The Help, I Capture the Castle, and Neel Mukherjee’s A Life Apart, which I’m going to mention later on, all feature in this blog post about the way writers treat the subject of writing in their fiction.
9. Merivel, A Man of His Time, by Rose Tremain
I read Restoration, which features the same hero, back when I was still at school, and associate it loosely with A S Byatt’s Possession, pre-Raphaelite paintings, and going to see a French film in London for the first time (it was Gerard Depardieu in Cyrano de Bergerac, at, I think, The Lumiere). I’ve read very little historical fiction since, and I didn’t know what to expect from this new novel, which catches up with Merivel in middle age, but I certainly wouldn’t have expected a tale of queasy romantic compromise, near-starvation in Versailles, and a tragically thwarted attempt to save a bear.
… and some more great reads…
Top ten lists are a bit artificial aren’t they? It’s a format that lends itself to omissions. So here are some extras.
Bonus mention goes to The Writer’s Journey by Christopher Vogler, which is about archetypal elements of stories – the relationships between the hero and characters such as the mentor and the shapeshifter, the trials and setbacks that have to be overcome on the hero’s journey. It explores the fresh twist given to age-old archetypes by films as varied as Star Wars, Pulp Fiction and Titanic, but when you start to look, you can see the story structures he talks about all over the place. (I spotted some in Stop the Clock! And now I know why crucial scenes so often happen in bars!)
Among other storytelling tips, I took away from this book the advice that you should be sure to have enough hazard in your fiction. A hero has to be up against it. Up against nothing much won’t do.
Also this year, I enjoyed my first ebook, though I read it on PC rather than Kindle so I’m still lagging behind the times: A Matter of Degree, by local author Beckie Henderson, a story of romance and poison pen letters set in academia, which opened my eyes as to what might be going on behind the scenes in higher education. Here’s Beckie Henderson’s blog about being a working mother.

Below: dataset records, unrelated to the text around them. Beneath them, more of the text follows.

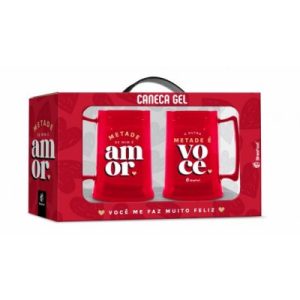 CANECA GEL 300ML C/ 2UN - METADE DE MIM É VOCÊ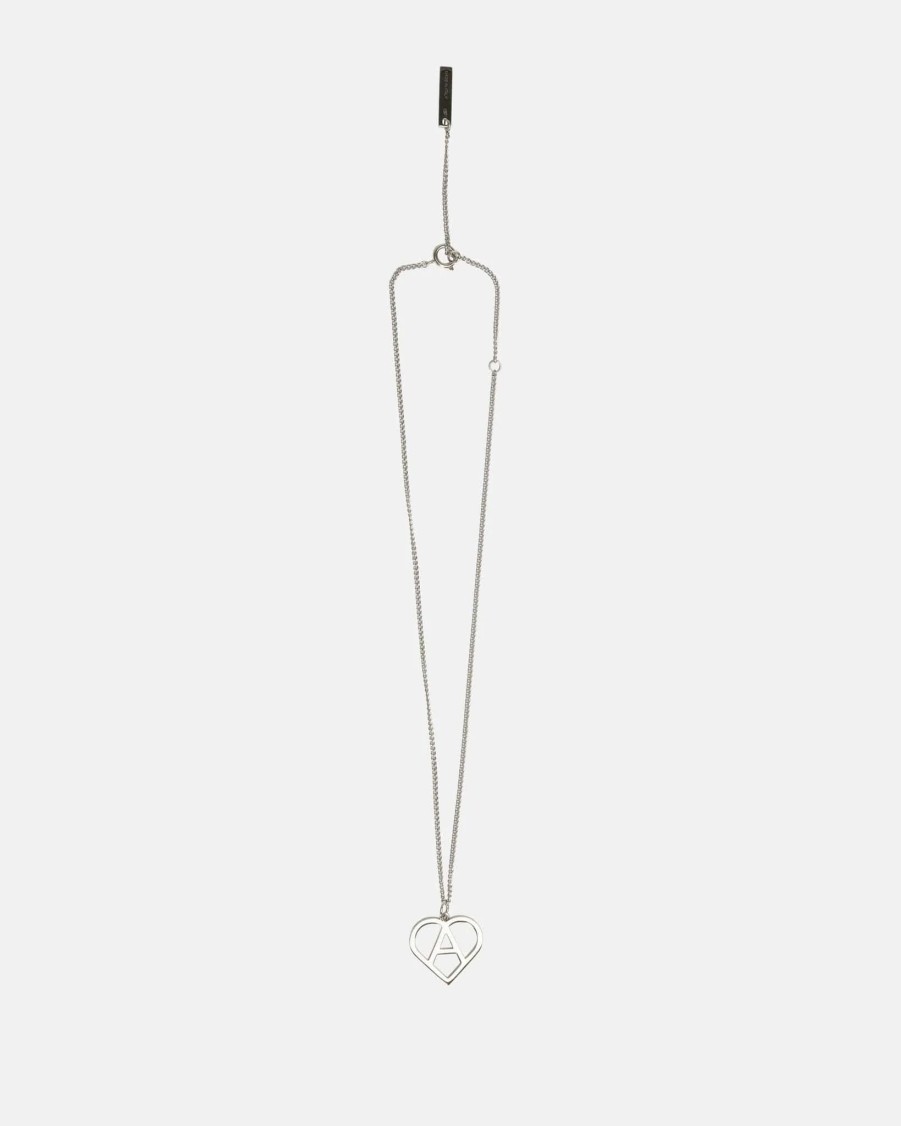 Accessories * | 1017 Alyx 9Sm "A" Heart Charm Necklace In Silver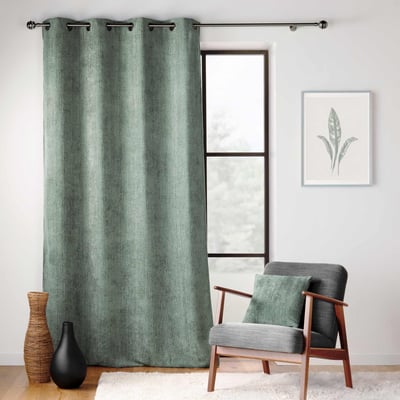 Rideau à œillets en velours chenille DOUCEUR D'INTÉRIEUR
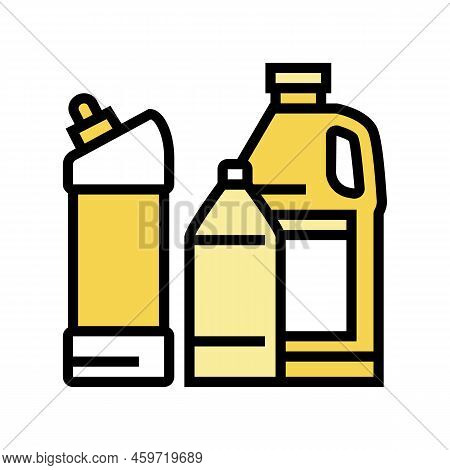 Bottle Packages Plastic Waste Color Icon Vector. Bottle Packages Plastic Waste Sign. Isolated Symbol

I’m going to wrap up with a shout out to the writers who are mentioned in the acknowledgements to my first novel, Stop the Clock: Jaishree Misra, who has written six novels; Anna Lawrence Pietroni, whose debut, Ruby’s Spoon, blends magic with a Black Country 1930s setting, and tells the tale of a girl whose longing for adventure is granted when a mysterious stranger comes to town; and Neel Mukherjee, whose novel A Life Apart follows the stories of an Indian student in England and an Englishwoman in India. (Ian Pindar, my other half, is mentioned in the acknowledgements for Stop the Clock as well, of course.)
Final honourable mention goes to The Penguin Book of Twentieth-Century Essays, edited by Ian Hamilton, full of gems like George Orwell’s essay on Englishness, and Martha Gellhorn’s account of Ernest Hemingway getting into a butch-off with a Spanish Republican Army general, in ‘Memory’.
My reading ambition for 2013: rationalise the books. They are everywhere, in tottering heaps round my desk, in the kitchen cupboards… The writing’s on the wall. Ebooks are the way to go.